Il legame con l’ambiente dell’occupazione e i precedenti giudiziari

La figura di Baya, peraltro, non è nuova a iniziative che hanno scavalcato i confini della semplice protesta politica, intrecciandosi con dinamiche di occupazione di spazi pubblici e universitari. Già nel 2024, era finito al centro delle cronache per aver guidato una preghiera islamica all’interno dell’Università di Torino, a Palazzo Nuovo, durante un’occupazione studentesca di stampo filo-palestinese, un episodio che aveva scatenato le reazioni del Ministero dell’Università e dello stesso rettore, il quale aveva parlato di parole di violenza inconciliabili con il carattere laico e democratico dell’ateneo. In quella circostanza, Baya respinse le accuse di aver inneggiato alla guerra santa, limitandosi a difendere il diritto alla preghiera e la libertà di espressione, ma le sue frequenti apparizioni pubbliche accanto a esponenti dei centri sociali, come nel caso dell’assemblea organizzata dopo lo sgombero dell’Askatasuna, hanno contribuito a consolidare un’immagine di figura capace di fare da collante tra rivendicazioni religiose e istanze della galassia antagonistica.

Le reazioni politiche e la questione della libertà d’espressione

Dall’opposizione, e in particolare da Fratelli d’Italia, sono arrivate condanne nette: il senatore Maurizio Gasparri ha definito l’iniziativa del Movimento 5 Stelle una scelta vergognosa, chiedendo l’intervento del presidente della Camera per evitare che l’istituzione venga prestata a simili manifestazioni.
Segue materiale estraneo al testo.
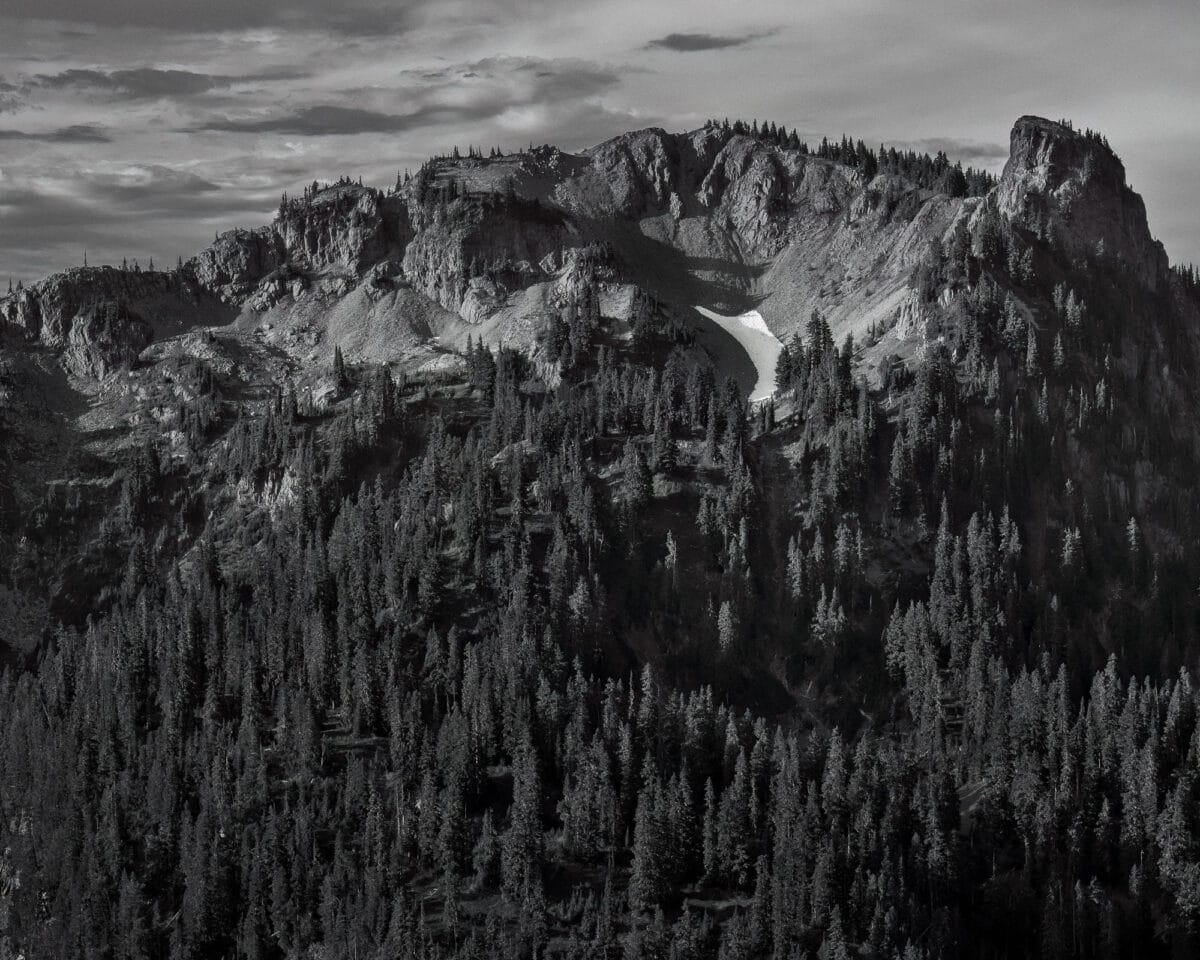 A black and white landscape photograph of 6,337 foot Seymour Peak as viewed along the Naches Peak Loop trail near Chinook Pass, Washington.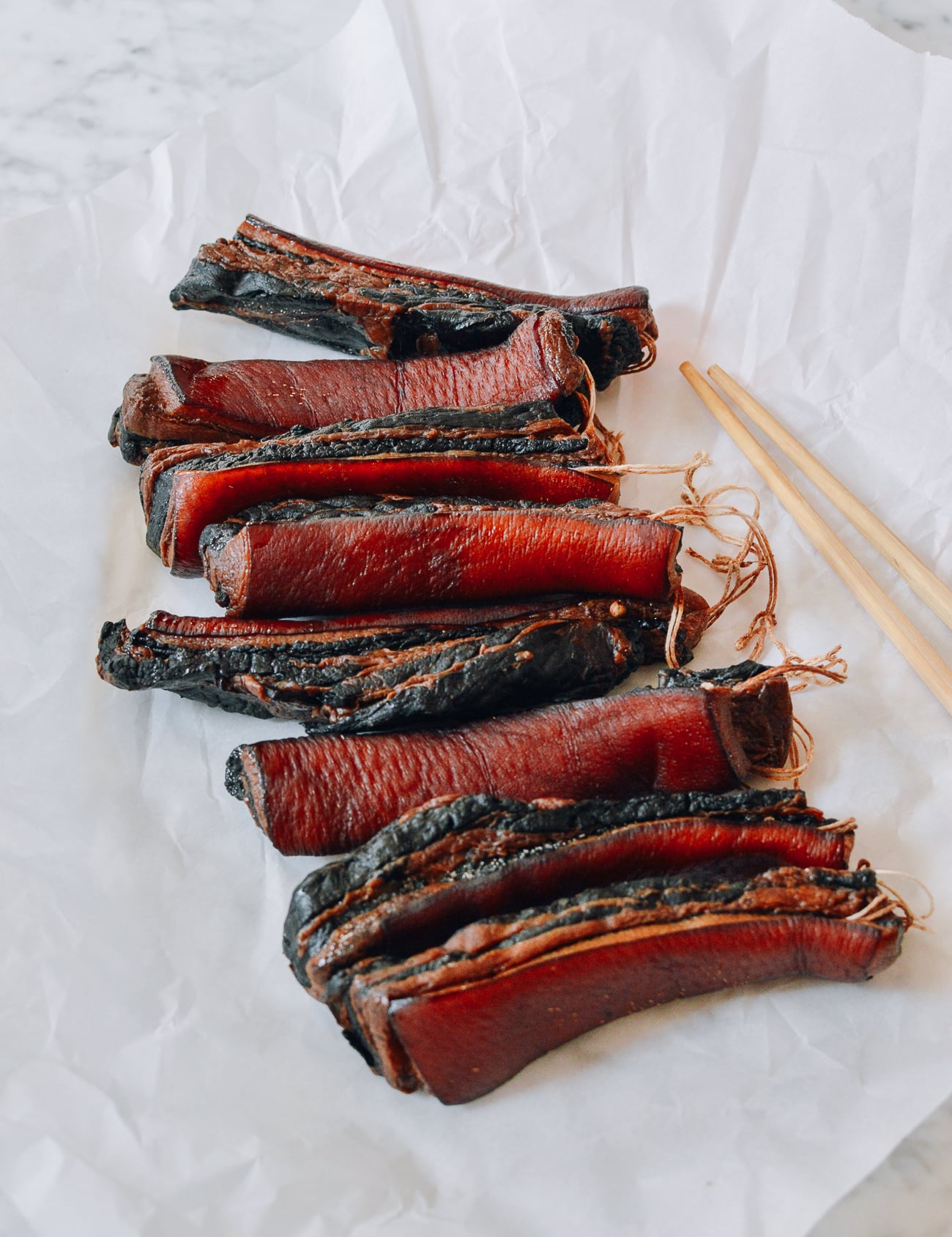Cured pork belly pieces on parchment paper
Analogamente, il vicecapogruppo di FdI al Senato, Marco Scurria, ha sottolineato la gravità del fatto che il Parlamento venga trasformato in una tribuna per chi legittima la violenza e gli attacchi contro i civili, richiamando alla memoria anche il precedente invito, sempre da parte pentastellata, a Mohammad Hannoun, figura considerata vicina ad Hamas e attualmente detenuta. Dalle sue pagine social, Baya ha risposto alle critiche con un video in cui, quasi rincarando la dose, si è scagliato contro chi lo accusa, sostenendo che qualsiasi parola possa essere usata contro di lui e che, pertanto, tanto vale utilizzare tutte le parole che si ritiene di dover impiegare.
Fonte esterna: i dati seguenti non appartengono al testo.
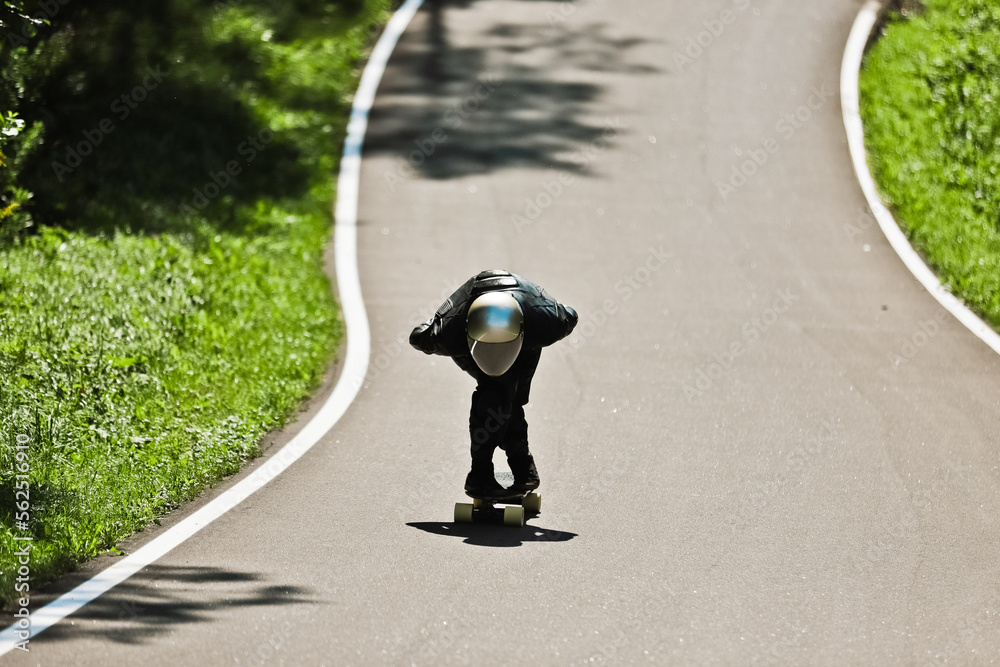 Fototapeta premium Cinematic downhill longboard session. Young man skateboarding and making tricks. Concept about extreme sports and people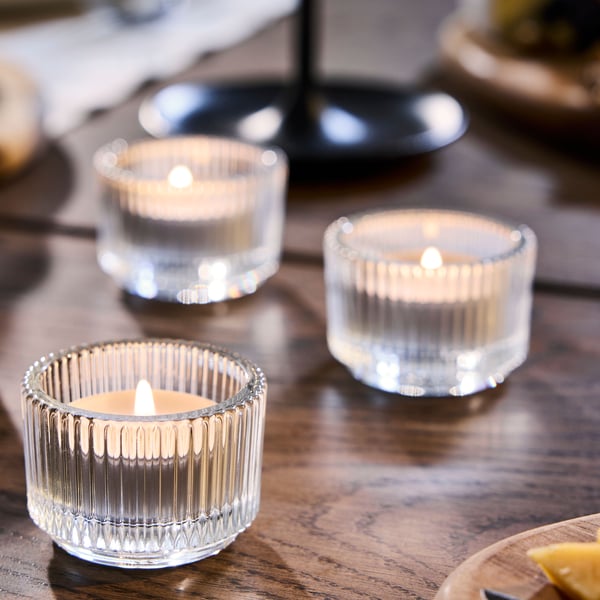 A clear glass FINSMAK tealight holder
Le precedenti polemiche e il rapporto con le istituzioni

Osservando la cronologia degli eventi, emerge come la figura del predicatore sia da tempo nel mirino di chi denuncia un atteggiamento ambiguo verso il terrorismo e una costante propensione a testare i limiti della libertà di espressione. In passato, la premier Giorgia Meloni aveva auspicato un intervento della magistratura nei suoi confronti, dopo il sermone tenuto in ateneo, sottolineando come non si possa tollerare la propaganda jihadista in Italia mentre si pretende di rimuovere i crocifissi dalle aule scolastiche in nome della laicità. Lo stesso Baya, forte della protezione offertagli da alcuni settori dell’attivismo politico, ha più volte rivendicato la propria autonomia dal governo, arrivando a invitare i cittadini musulmani a votare no al referendum sulla giustizia, quasi a voler dimostrare che le pressioni dell’esecutivo non sortiscono effetto sulla sua libertà di azione e di parola.